The government has not yet released the data for fear of its effects on public opinion, some experts say.

The last time the country experienced demographic decline dates back to 1960-61 during the Great Leap Forward, when the population officially shrunk by 13.4 million during Mao Zedong's disastrous economic policy. But the loss might have been even greater.

China’s National Bureau of Statistics was supposed to publish the latest census in early April, but delayed the release, ostensibly to improve the document, sparking a backlash on social media.

For some analysts, the authorities’ hesitancy is a sign that the top inner circle has not yet settled on a common line to handle sensitive data and present solutions to reverse the negative trend.

Demographic decline will have a strong economic and social impact on China. An ageing population means higher retirement costs, and probably slower economic growth because of the loss of millions of people of working age.

As many observers point out, China has been facing this demographic challenge for some time.  The authorities are afraid to release the new data because they know that many in the country are prepared to criticise them for the slow termination of the one-child policy.

The lack of government transparency and ineffective data collection also explain the slow pace in changing demographic policy. Local authorities are known to often inflate population data to get more resources.

China’s central bank, the People’s Bank of China (PBOC), recently recommended the government end its restrictive population policies; if things stay the same, the country will lose its economic edge over the United States.

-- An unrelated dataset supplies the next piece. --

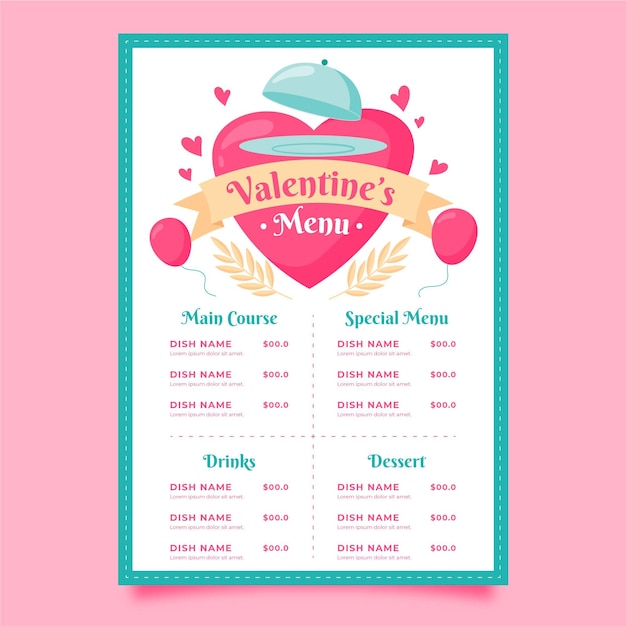 Gezeichnetes valentinstag-restaurantmenü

The PBOC essentially confirms the failure of the one-child policy. Its easing in 2016, with the possibility of two children per couple, did not change the situation.

To contain pension costs, Prime Minister Li Keqiang announced in March, at the annual session of the National People's Congress, that the  government planned to gradually raise the retirement age.

Compared to the world's largest economies, where people retire around 65, the threshold in China is much lower, between 50 and 60.

However, with an economy slowing down, such a decision would negatively affect young people, especially new graduates, as they enter the labour market. And this would be another potential social bomb.